T: Exactly, I was listening to your music and I could not imagine a French person writing this, or a German or American or whatever. Where do you- what does the English tradition mean to you?
L: Well it's very important, I mean I think that um
T: Do you reject it or embrace it wholeheartedly?
L: er, neither I think I just er.. It's an old cliche but you're just a product of your environment and er...
T: It's inevitable?
L: Yeah. Um...it's inevitable that one...you know, one is English and comes from in a certain cultural context and um...(inaudible)...quite a long time by the English experimental composers that clustered around Cardew in the sixties and seventies, and they all have that quality as well, so, I think it's inevitable really, so I don't er...I don't want to sort of hide from it and nor do I want particularly to um make a big thing of it really.
T: So would you say- would you say that those were your predecessors in a way, the English experimental school.
L: Yeah definitely I mean, Howard Skempton's been a huge er erm influence on me.
T: You studied with him?
L: No, I've never studied with him, I've worked with him in concerts quite a lot, used to do concerts with him. Um, just his- just the impact of- the impact of his work was immense no me in sort of nineteen- early nineteen eighties when I discovered it, cos I'd never encountered anything like it before, er...
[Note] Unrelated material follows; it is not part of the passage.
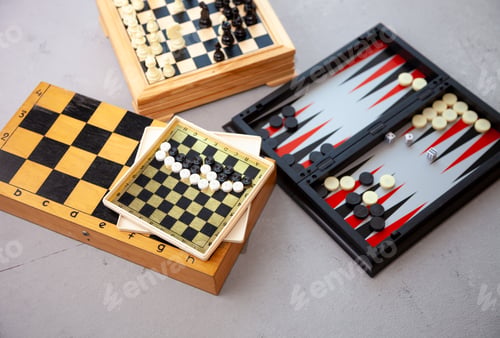 Preview: Board games on the table. Chess, backgammon, checkers. Boards are laid out for the game. Play, have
T: Was it a sort of road to Damascus type conversion?
L: It was, yeah, it was, it sort of- it sort of gave a sort of permission if you like to- to be able to write like that.
T: Did you not- did you know of any Cage and Feldman...
L: I discovered them all at the same time. I discovered them all at university, all round the same time
T: It took a while to become apparent in your music?
L: Yes it did, it did yeah yeah, there wasn't- wasn't an abrupt- although there is in my if you follow my you know thing I was talking about earlier, the transition from the sextet that I wrote up to the Three Melodies, I mean that's quite that's quite abrupt. But in terms of discovering the music at university, er, it didn't immediately make sort of make my music different, no. But what I wanted to say about Howard's music was I thought it was extraordinary cos I'd been- I'd discovered twentieth century music by sort of you know listening to the influence of Stravinsky, Bartok, people, and then moving on listening to you know Boulez Stockhausen and Birtwistle Maxwell Davies...
T: Did you ever feel any um affinity with any of those...the heavy modernists, Stockhausen... did you try and write stuff similar?
L: I suppose I must have done I mean certainly none of the pieces I can trace to being influenced by certain people, um...I mean I thought....I assume...I assume...I suppose I assume that I wrote I assumed that people wrote in a modernist way and then I realised that you know that in fact things I suppose things were in the eighties starting to stylistically diverge a bit I mean, people like Steve Reich were becoming more accepted and things, and I suppose I just followed that in a way.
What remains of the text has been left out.